カラダで結ばれた契約夫婦~敏腕社長の新妻は今夜も愛に溺れる~
困惑していると。

『清良の好みがわからないから、勝手に選んでしまったが。何か欲しいものがあったら言ってくれ』

そう提案され、清良はチャンスとばかりに耳元の端末を握りしめた。

「あの、もっと、安いもので大丈夫ですので! ……日頃使えるものとか、日用品などにしていただけませんか?」

『日用品?』

「えっと、たとえば……食器とか、エプロンとか……ふたりで使えそうなもの……とか」

自分だけプレゼントをもらうのは心苦しいが、ふたりのものであれば心置きなく使うことができる。

ウン万円のドレスを着るのは抵抗があるが、ウン万円の茶器で総司と一緒にティータイムを楽しむのだと考えれば、それはそれでアリだろう。
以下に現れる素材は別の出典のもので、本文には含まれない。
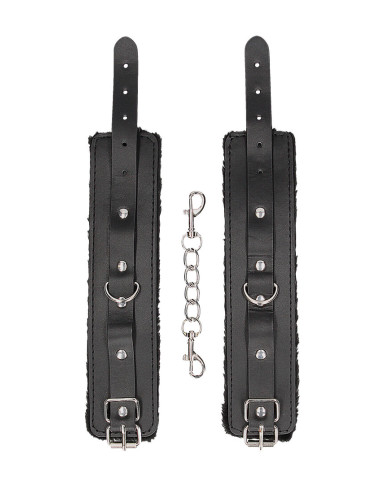 Plush Bonded Leather Hand Cuffs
……そんな日が訪れるかどうかは別として。

「ドレスやアクセサリーは、素敵なんですが使う場面がなかなかないので。できれば普段使いできるものを……」

本音を漏らすと、総司はクスリと小さく笑った。甘い吐息が耳に届き、清良の鼓動は速度を増す。

『わかったよ。小心者な清良が気兼ねなく使えるものだな』

からかわれてしまったが、意図は伝わったらしい。

よろしくお願いします、と清良は座ったまま腰を四十五度に折る。